Please filter the data down to the lines that include the word "Flag" and copy them.
::::
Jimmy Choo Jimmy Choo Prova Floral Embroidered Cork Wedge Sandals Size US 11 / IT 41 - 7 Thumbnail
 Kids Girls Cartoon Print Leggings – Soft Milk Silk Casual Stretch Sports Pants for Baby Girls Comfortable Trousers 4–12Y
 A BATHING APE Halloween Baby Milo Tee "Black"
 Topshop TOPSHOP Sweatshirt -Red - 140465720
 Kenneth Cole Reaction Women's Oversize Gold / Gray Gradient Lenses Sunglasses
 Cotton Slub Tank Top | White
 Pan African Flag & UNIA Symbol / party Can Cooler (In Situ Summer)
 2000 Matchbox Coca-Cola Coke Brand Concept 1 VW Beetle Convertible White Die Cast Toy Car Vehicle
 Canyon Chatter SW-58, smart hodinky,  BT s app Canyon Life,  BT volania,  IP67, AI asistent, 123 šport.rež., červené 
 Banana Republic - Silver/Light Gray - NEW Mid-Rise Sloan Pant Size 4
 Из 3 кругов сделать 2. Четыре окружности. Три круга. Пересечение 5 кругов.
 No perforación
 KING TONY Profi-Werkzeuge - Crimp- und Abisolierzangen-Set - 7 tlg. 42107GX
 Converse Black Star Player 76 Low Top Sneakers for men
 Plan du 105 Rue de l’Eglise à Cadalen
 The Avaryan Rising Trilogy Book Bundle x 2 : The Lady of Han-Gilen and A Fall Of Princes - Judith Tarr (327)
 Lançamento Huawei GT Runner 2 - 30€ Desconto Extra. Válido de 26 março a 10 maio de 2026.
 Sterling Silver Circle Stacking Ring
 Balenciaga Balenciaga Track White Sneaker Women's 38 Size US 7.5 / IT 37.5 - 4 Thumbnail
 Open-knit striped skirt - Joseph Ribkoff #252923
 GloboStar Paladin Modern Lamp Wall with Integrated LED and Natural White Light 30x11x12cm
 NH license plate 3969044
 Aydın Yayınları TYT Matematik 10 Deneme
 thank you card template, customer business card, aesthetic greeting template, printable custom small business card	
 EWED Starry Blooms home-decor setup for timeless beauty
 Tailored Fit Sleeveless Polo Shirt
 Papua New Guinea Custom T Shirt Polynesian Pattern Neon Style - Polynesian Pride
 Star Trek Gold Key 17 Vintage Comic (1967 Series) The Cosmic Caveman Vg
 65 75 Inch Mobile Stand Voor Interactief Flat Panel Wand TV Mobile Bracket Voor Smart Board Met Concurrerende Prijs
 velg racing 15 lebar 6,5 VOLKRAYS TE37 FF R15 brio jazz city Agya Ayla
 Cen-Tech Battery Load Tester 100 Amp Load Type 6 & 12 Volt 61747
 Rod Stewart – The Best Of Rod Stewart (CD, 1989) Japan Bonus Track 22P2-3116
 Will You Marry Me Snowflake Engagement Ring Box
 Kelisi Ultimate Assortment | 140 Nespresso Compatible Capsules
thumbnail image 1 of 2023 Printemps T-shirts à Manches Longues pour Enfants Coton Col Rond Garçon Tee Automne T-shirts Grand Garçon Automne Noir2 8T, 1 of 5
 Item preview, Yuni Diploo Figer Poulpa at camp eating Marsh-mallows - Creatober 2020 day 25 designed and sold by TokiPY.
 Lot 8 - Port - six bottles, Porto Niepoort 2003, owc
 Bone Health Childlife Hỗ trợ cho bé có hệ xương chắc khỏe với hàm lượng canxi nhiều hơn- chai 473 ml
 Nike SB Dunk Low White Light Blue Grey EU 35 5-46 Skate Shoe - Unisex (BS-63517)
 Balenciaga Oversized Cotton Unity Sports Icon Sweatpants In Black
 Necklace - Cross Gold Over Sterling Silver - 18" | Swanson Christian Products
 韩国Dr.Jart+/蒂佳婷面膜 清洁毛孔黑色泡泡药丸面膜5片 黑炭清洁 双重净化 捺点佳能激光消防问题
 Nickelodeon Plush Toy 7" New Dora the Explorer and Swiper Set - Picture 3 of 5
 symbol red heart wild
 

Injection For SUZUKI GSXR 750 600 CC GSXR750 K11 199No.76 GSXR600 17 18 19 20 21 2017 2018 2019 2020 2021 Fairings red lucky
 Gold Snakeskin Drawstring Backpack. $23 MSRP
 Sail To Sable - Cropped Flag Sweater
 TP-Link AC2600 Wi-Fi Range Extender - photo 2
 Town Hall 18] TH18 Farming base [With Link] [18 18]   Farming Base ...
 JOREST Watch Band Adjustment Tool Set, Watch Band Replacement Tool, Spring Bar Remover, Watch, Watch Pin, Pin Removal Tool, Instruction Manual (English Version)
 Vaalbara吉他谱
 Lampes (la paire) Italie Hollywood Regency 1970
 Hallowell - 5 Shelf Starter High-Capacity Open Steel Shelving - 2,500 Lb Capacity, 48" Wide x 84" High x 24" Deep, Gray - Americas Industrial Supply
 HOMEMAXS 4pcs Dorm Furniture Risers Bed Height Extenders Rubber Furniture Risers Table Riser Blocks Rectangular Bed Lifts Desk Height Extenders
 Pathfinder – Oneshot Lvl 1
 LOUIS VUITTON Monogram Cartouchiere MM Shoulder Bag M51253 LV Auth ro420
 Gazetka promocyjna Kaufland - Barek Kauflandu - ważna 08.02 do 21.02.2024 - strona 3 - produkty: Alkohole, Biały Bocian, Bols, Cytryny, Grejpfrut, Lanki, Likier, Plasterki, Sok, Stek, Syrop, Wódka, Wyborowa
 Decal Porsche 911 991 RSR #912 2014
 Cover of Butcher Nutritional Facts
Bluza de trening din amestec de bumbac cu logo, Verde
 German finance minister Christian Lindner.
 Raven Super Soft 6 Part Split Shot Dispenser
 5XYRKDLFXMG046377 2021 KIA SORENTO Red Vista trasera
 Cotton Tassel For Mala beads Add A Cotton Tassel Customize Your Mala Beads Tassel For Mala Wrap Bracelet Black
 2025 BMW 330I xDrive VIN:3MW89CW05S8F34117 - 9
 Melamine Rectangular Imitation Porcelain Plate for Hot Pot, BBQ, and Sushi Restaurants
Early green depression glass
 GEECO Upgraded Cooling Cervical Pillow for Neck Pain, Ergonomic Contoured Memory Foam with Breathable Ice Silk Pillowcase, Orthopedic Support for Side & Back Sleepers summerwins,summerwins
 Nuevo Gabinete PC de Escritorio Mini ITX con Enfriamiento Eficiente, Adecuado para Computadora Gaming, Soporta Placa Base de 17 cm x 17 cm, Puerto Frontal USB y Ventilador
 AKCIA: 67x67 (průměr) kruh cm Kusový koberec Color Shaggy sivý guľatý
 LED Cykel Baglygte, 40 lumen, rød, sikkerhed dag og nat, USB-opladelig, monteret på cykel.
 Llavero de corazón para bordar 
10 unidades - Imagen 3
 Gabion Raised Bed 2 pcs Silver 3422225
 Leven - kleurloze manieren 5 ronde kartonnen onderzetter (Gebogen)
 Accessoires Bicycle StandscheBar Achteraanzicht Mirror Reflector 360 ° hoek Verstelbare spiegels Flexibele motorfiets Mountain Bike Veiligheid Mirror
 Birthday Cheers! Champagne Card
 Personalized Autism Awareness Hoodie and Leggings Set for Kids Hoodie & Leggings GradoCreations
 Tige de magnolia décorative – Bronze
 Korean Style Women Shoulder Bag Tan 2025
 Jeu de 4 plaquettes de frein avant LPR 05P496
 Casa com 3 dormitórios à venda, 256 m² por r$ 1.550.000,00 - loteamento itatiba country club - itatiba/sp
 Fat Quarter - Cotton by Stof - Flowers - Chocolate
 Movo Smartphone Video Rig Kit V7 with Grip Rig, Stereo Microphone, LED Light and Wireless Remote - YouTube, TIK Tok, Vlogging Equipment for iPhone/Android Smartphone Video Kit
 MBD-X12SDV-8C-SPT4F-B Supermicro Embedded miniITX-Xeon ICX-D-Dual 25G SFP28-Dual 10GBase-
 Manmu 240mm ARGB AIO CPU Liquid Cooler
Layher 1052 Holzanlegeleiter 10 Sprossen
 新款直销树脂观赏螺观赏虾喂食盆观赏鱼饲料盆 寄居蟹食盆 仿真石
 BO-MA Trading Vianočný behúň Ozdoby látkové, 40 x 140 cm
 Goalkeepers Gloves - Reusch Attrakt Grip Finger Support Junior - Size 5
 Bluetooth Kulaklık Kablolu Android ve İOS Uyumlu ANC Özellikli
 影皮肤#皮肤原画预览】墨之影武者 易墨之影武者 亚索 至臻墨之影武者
::::
__TASK RESPONSE__
 Pan African Flag & UNIA Symbol / party Can Cooler (In Situ Summer)
 Sail To Sable - Cropped Flag Sweater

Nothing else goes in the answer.